▸ **Aim of the task**:
Output all of the data below without changing a word, and exclude the pictures.

═════ Collected data

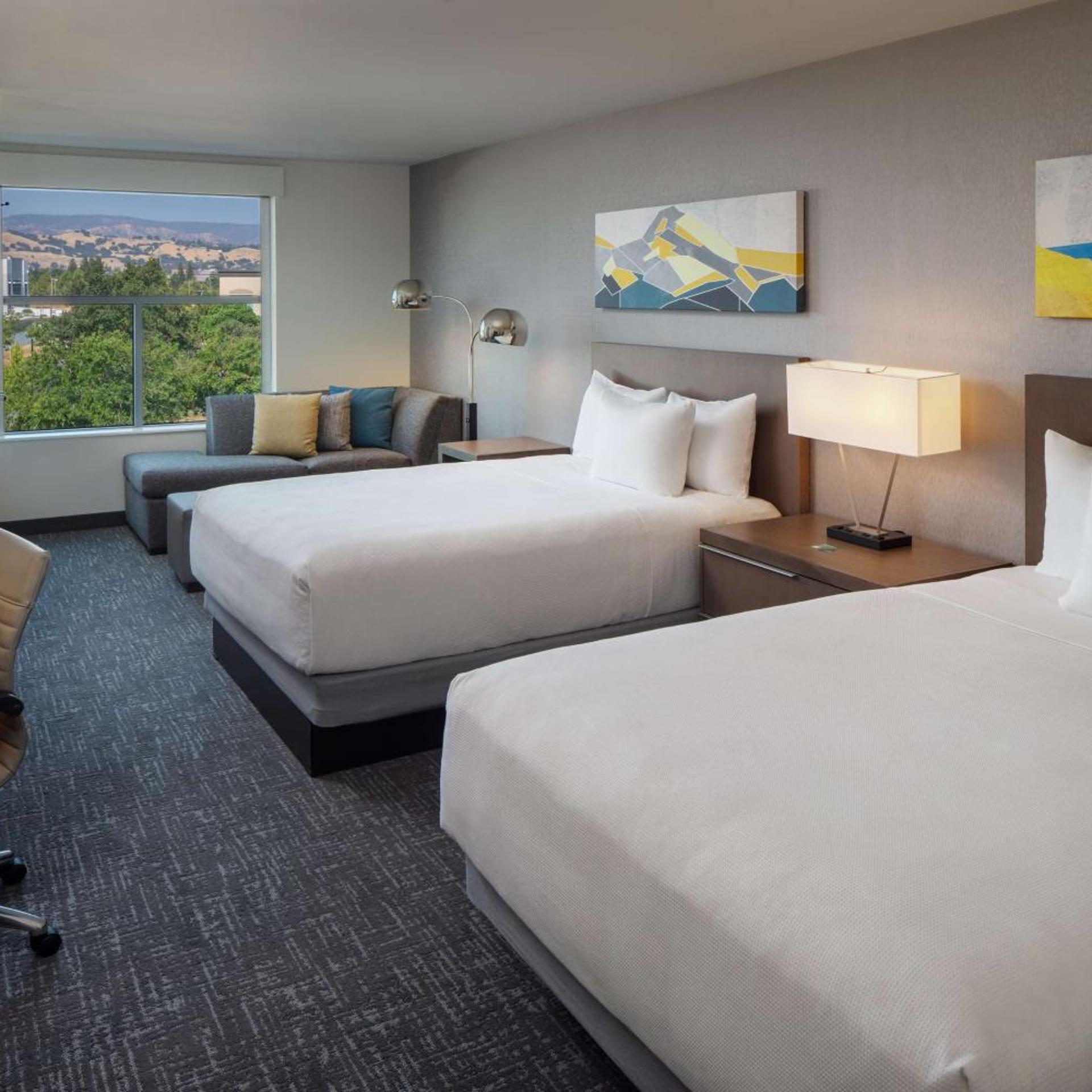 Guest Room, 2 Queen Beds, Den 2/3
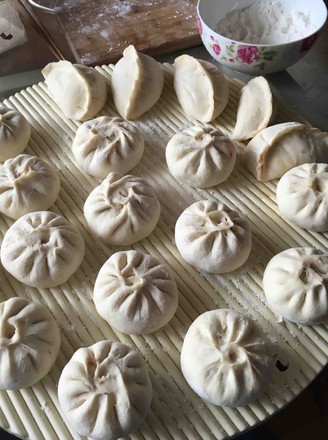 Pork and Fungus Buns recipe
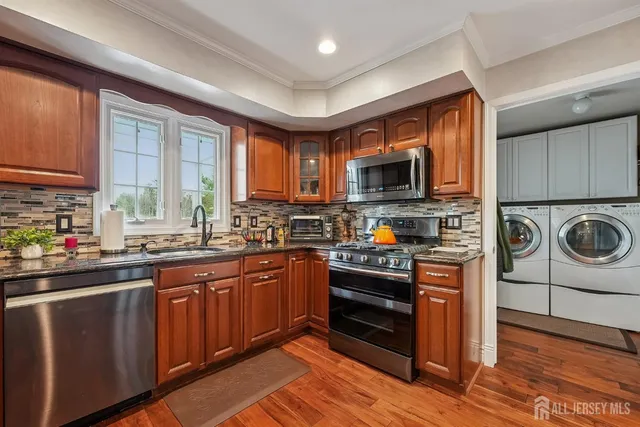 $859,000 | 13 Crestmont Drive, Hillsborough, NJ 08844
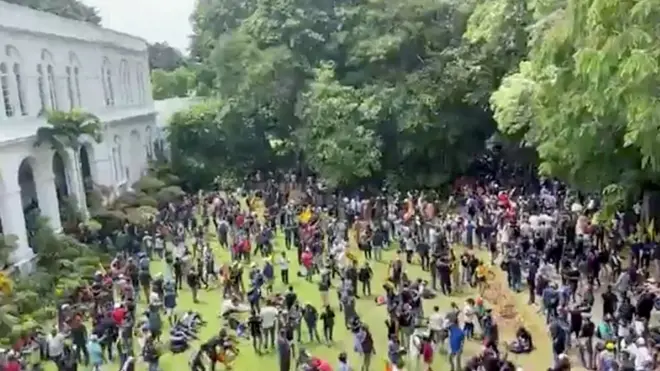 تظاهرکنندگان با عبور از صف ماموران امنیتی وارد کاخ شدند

══════════

▸ **Answer to this task**:
 Guest Room, 2 Queen Beds, Den 2/3
 Pork and Fungus Buns recipe
 $859,000 | 13 Crestmont Drive, Hillsborough, NJ 08844
 تظاهرکنندگان با عبور از صف ماموران امنیتی وارد کاخ شدند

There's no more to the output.